Okky, yang juga Sekretaris Dewan Pakar DPP Partai Persatuan Pembanguan, menuturkan bisnis start-up (rintisan) yang belakangan menjadi tren di Indonesia
semestinya juga tetap memperhatikan soal norma dan aturan main sesuai dengan peraturan yang berlaku.
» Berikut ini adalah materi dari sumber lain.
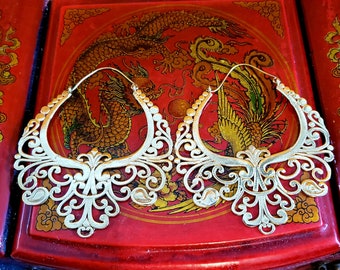 Large Unusual Gold Statement Earrings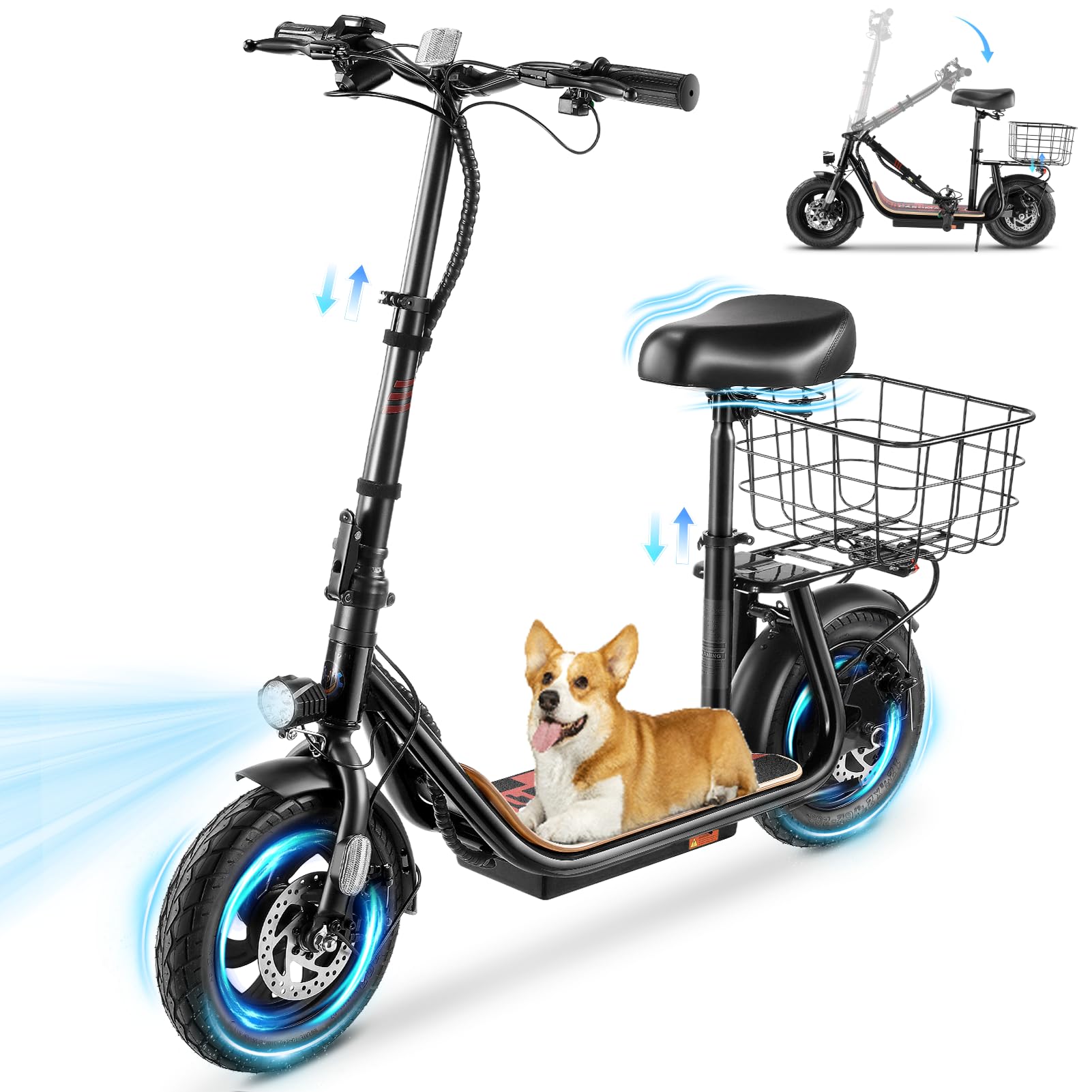 CaromaPeak 800W/1200W Electric Scooter Adults, 30 Miles Max Range, Foldable Electric Scooter with Seat, Front Suspension, Detachable Large Basket,Commuter E-Scooter for Adult and Teens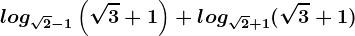 log\sqrt2-1\left ( \sqrt3+1 \right )+log\sqrt2+1(\sqrt3+1)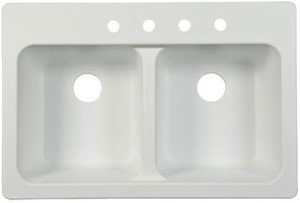 KINDRED FTW904BX Kitchen Sink, Top Mounting, Tectonite, White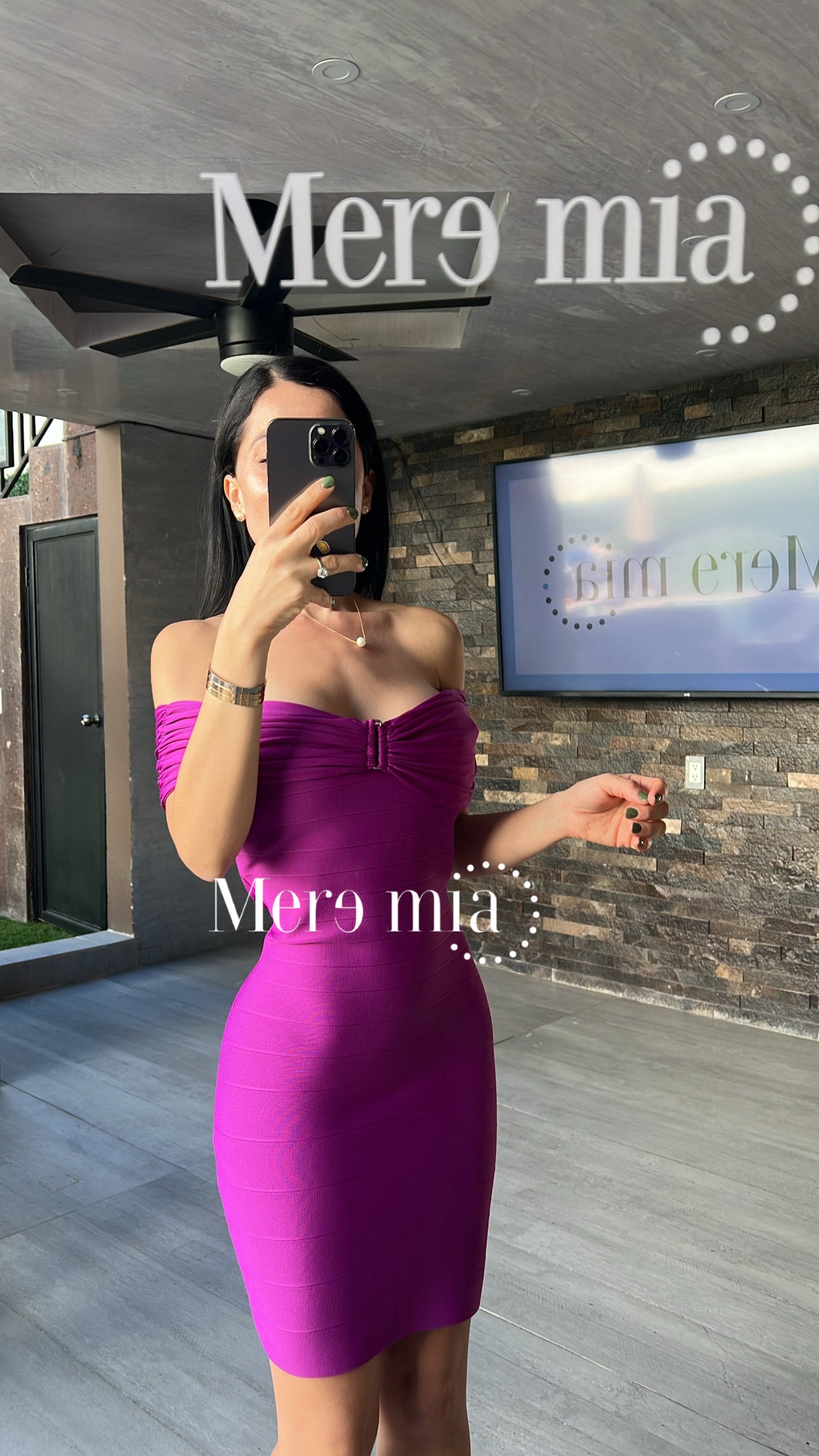 Vestido Lila Off-Shoulder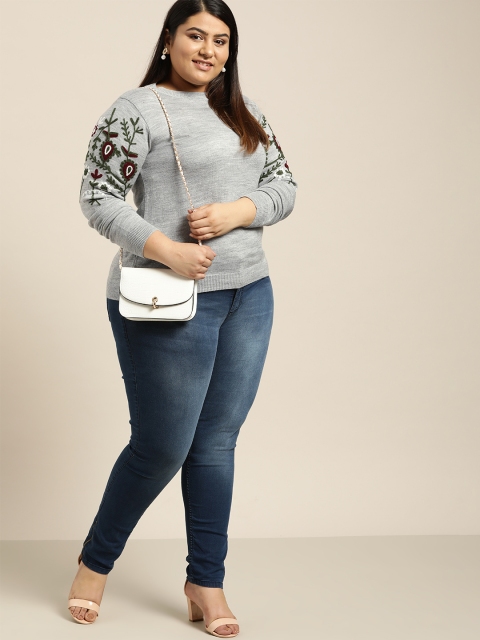 

Sztori Plus Size Women Grey Melange Solid Pullover Sweater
Apalagi, merek dagang "bikini" belum mengantongi izin dari instansi terkait.
"Mencuatnya polemik cemilan "bikini" ini menjadi peringatan untuk pemerintah agar memberikan edukasi lebih intensif kepada pelaku kreatif di
berbagai lini usaha, agar juga membawa misi edukasi kepada masyarakat," ujar mantan peragawati kondang itu.
Atas kejadian ini, Okky meminta seluruh stakeholder terkait seperti Kementerian Perdagangan, Kementerian Perindustrian, Badan Ekonomi Kreatif (Bekraf), BPOM dan pemerintah daerah (Pemda) agar senantiasa bersinergi memberikan pembinaan terhadap kelompok-kelompok kreatif.
"Kreativitas anak negeri harus didorong untuk maju, namun tetap mengemban misi edukasi kepada publik," tegas dia.
Lebih jauh, Okky menilai, BPOM sebagai otoritas yang bertanggungjawab terhadap produk makanan dan minuman yang beredar di masyarakat seharusnya dapat meningkatkan sensitivitasnya terhadap produk yang beredar baik di pasar offline maupun pasar online.
"Di tengah pesatnya bisnis online seperti seperti saat ini, semestinya pengawasan BPOM jauh lebih ditingkatkan dan menerapkan terobosan-terobosan signifikan."
Sebelumnya, Komisi Perlindungan Anak Indonesia (KPAI) menemukan mi kering tersebut dijual di situs jual beli di internet. Komisioner KPAI Bidang Pornografi dan Kejahatan Siber Maria Advianti mengatakan, peredaran makanan ini dinilai sebagai pelanggaran terhadap undang-undang.